Economics

Can commodities survive a stronger US dollar?

25/03/2015

Alastair Baker

Alastair Baker

Fund Manager

Patrick Brenner

Patrick Brenner

Fund Manager, Multi-Asset Investments

The latest insight from our multi-asset team focuses on the relationship between the greenback and commodity prices.

Conventional wisdom is that the US dollar has a strong influence on commodity prices. The explanation for this relationship is that since commodities are priced in dollar terms, then commodity prices must move lower when the dollar strengthens to reflect its increased purchasing power.

After the 2008 global financial crisis there has indeed been a very strong inverse relationship between commodities and the US dollar, as shown by the correlation chart in Figure 1 below.

Figure 1: Rolling 3 year correlation between Broad Commodity Index and USD Index monthly returns

Source: Schroders, Bloomberg, 10 March 2015

However, this has not always been the case. Prior to the financial crisis, the correlation was much less obvious. For example, during the boom years of the 1990s there was almost no relationship between the US dollar and commodity prices. Then, in the recovery after the dotcom bubble bursting from 2003-2006, the relationship weakened again.

We therefore reject the gross simplification that all you need to know to have a view on commodities is the direction of the dollar. It does, however, help if you can identify which type of dollar environment you are in.

Looking at the period from 1990 to 2015, 61% of the time there was a negative correlation between US dollar and commodities, and 39% a positive correlation. This 39% can be further subdivided into 23% for both commodities and US dollar rising, and 16% both US dollar and commodities falling. Figure 2 highlights in green those periods where we have both rising US dollar and commodities; the periods of both falling are highlighted in red.

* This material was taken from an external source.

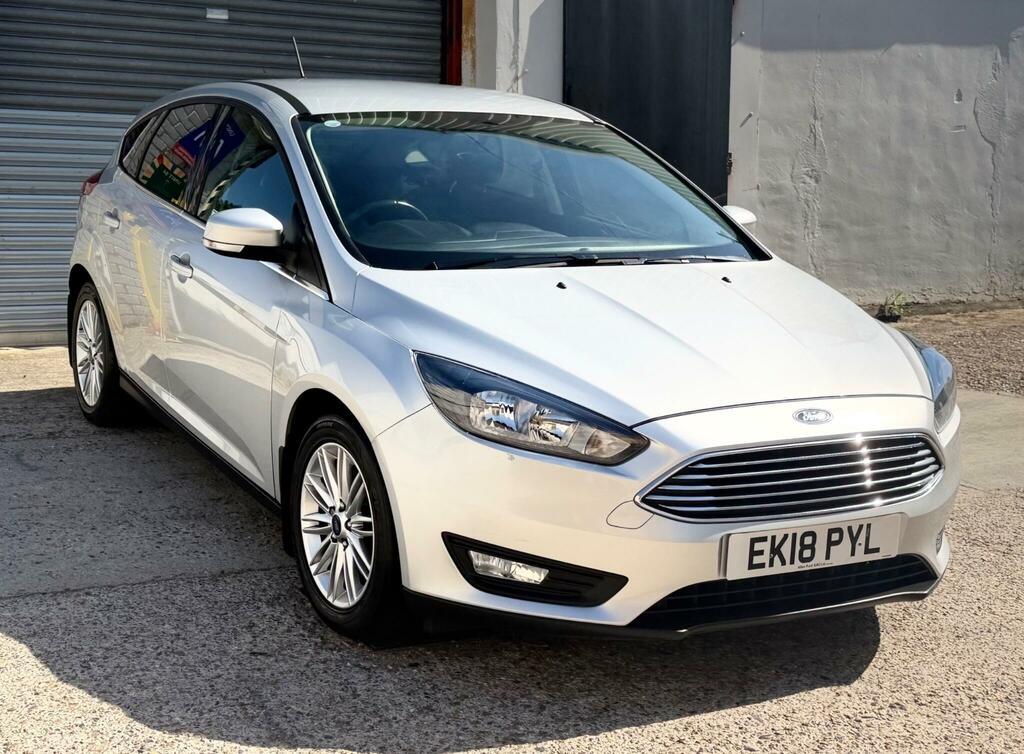 Ford Focus Zetec Edition Silver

Figure 2: Broad Commodity Index and correlation regimes

Source: Schroders, Bloomberg, 10 March 2015

Generally speaking, during Federal Reserve rate-hiking cycles we see a positive correlation regime where both the dollar and commodities rose together. The greatest concentration of green observations occurs in these periods: June 1996 – March 1997, March 1999 – January 2000 and June 2003 – December 2005. These were periods of both rising interest rates and stronger growth.

We are approaching a tightening cycle in the US and this is likely to result in a continued strengthening of the dollar. If this is associated with continued positive economic growth then both the US dollar and commodities can go up. In the event that tightening is a policy mistake, or it exerts so much pressure on emerging market economies that we enter an emerging market crisis phase (slowing growth and exacerbating the demand for the US dollar) then commodities are likely to suffer.